- **Exercise input**:
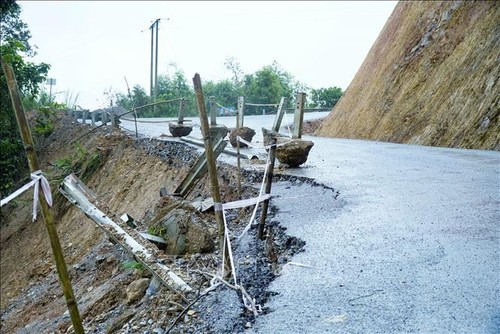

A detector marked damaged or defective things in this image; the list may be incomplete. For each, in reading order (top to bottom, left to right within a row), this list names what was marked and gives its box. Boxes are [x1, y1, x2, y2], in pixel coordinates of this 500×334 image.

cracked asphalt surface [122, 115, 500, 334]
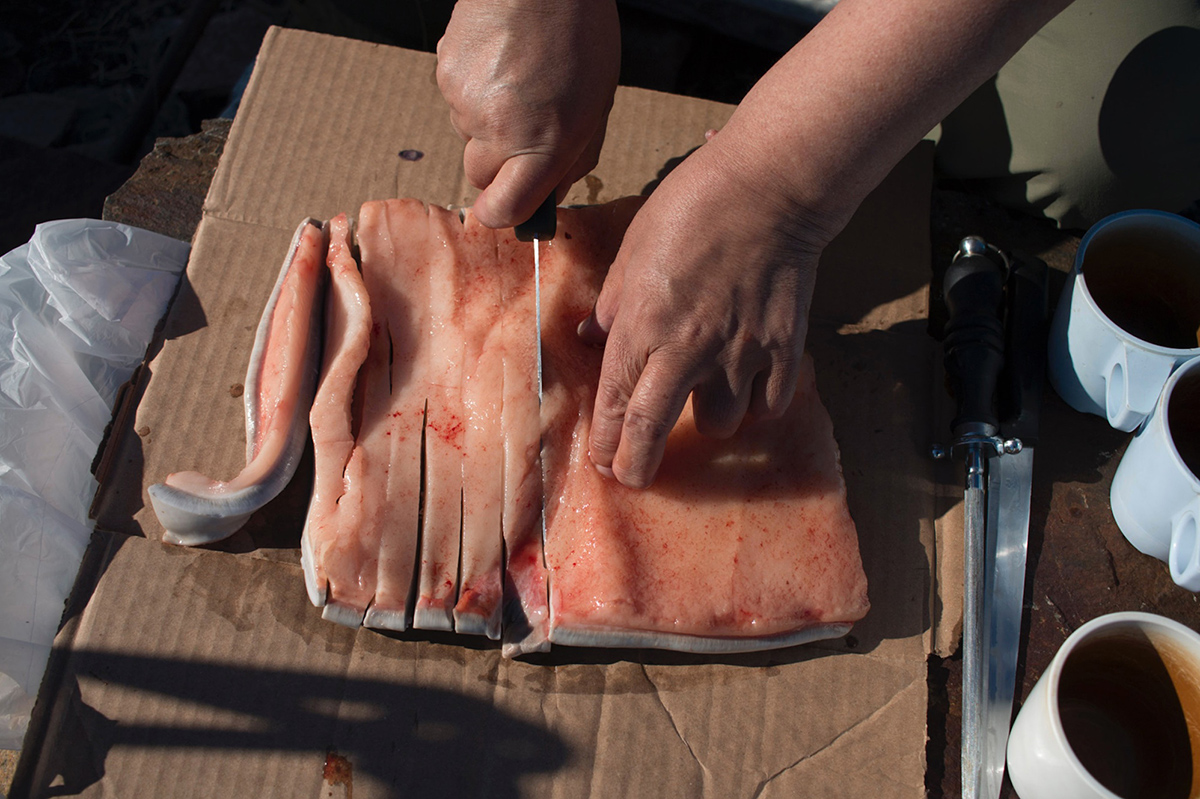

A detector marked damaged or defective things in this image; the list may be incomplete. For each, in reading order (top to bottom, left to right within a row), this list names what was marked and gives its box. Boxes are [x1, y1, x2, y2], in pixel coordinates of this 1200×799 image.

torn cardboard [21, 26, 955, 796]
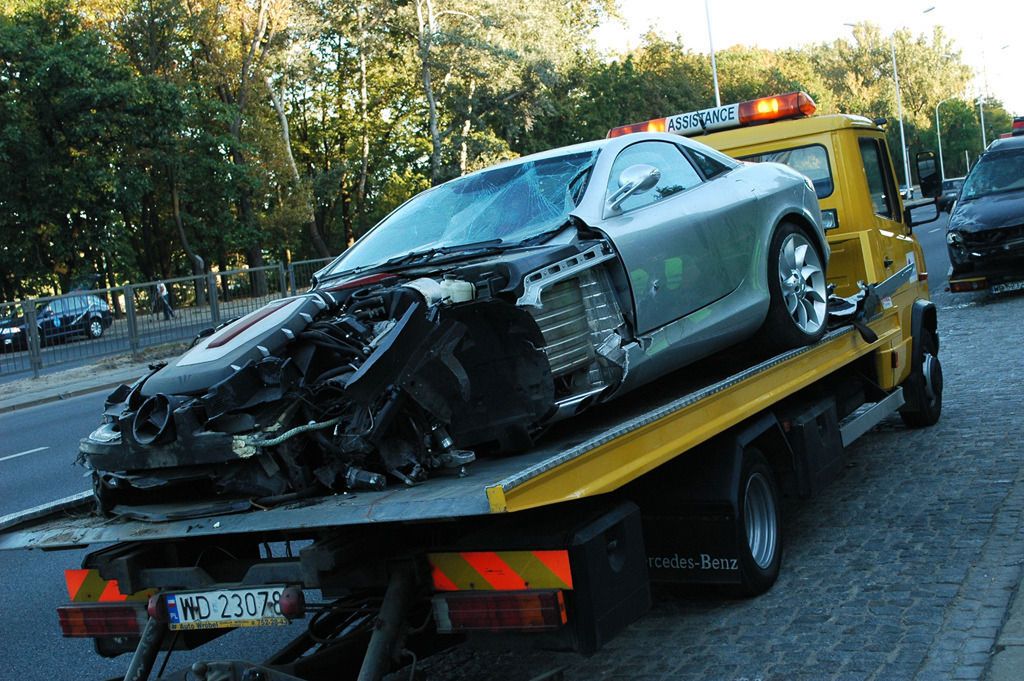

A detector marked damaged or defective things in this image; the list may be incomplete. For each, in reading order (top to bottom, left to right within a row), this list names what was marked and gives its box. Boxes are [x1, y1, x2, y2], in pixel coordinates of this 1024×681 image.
---
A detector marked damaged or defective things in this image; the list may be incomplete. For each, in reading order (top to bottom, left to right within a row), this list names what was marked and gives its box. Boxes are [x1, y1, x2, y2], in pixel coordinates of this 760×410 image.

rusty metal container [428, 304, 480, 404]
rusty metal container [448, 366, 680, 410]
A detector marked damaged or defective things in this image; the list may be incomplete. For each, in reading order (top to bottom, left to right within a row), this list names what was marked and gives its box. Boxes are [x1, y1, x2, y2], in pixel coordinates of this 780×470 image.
--
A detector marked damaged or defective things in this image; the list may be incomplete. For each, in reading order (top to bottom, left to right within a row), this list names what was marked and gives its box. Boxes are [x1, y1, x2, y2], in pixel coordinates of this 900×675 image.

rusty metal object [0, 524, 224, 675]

- **Work task**:
In the entries above, find the line containing "this 500×334 image." and the line containing "this 1024×681 image."; give again exactly those two lines and every line between them, minus the pictures.

- **Answer to the exercise**:
A detector marked damaged or defective things in this image; the list may be incomplete. For each, in reading order (top to bottom, left to right within a row), this list names what was marked and gives its box. Boxes are [x1, y1, x2, y2], in pixel coordinates of this 500×334 image.

cracked asphalt surface [122, 115, 500, 334]

A detector marked damaged or defective things in this image; the list may be incomplete. For each, in reading order (top to bottom, left to right within a row), this list names what was marked and gives its box. Boxes are [x1, y1, x2, y2], in pixel coordinates of this 1200×799 image.

torn cardboard [21, 26, 955, 796]

A detector marked damaged or defective things in this image; the list may be incomplete. For each, in reading order (top to bottom, left to right within a row), this list names what was marked and gives its box. Boxes are [x1, y1, x2, y2], in pixel coordinates of this 1024×681 image.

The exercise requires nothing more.